SADA is proposed to address these two challenges.

Method

Core Idea: Unified Control via Stability Criterion

SADA models the diffusion acceleration problem as a stability prediction problem, where the core is leveraging exact gradient information along the ODE trajectory \(y_t = \frac{dx_t}{dt}\) to measure the local dynamic stability of the denoising process.

1. Stability Criterion

The second-order difference of the ODE trajectory \(\Delta^{(2)} y_t\) is defined as the stability metric. At time step \(t\), if the following condition is met:

\[ (x_{t-1} - \hat{x}_{t-1}) \cdot \Delta^{(2)} y_t < 0 \]

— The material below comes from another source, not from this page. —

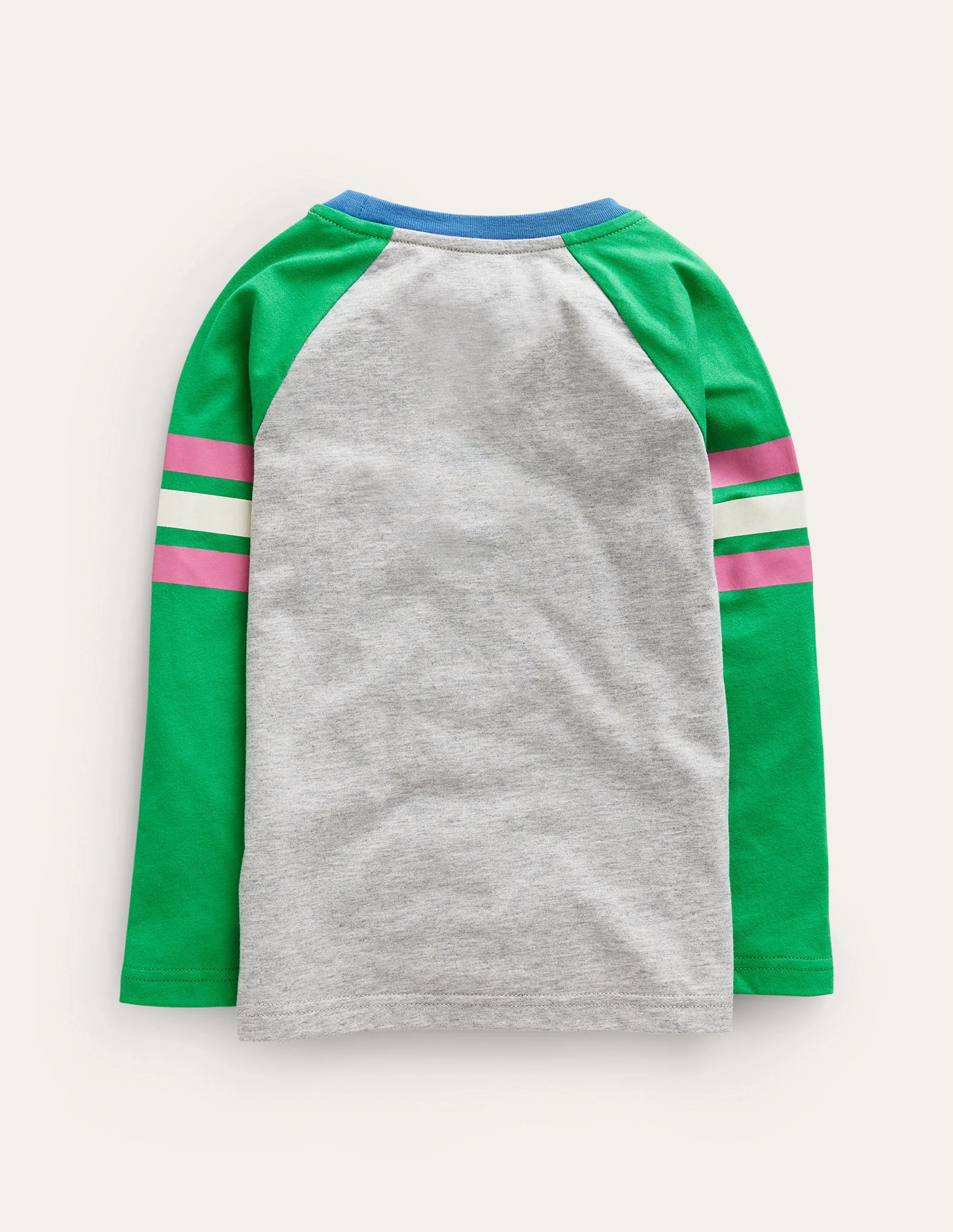 Colourblock Raglan T-shirt-Grey Marl/Sapling Green - Image 2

then this step is determined to be stable and can be accelerated. Here, \(\hat{x}_{t-1}\) is the third-order extrapolation estimate.

  • When the criterion returns True (stable) \(\rightarrow\) Execute step-wise / multistep-wise cache-assisted pruning.
  • When the criterion returns False (unstable) \(\rightarrow\) Execute token-wise cache-assisted pruning.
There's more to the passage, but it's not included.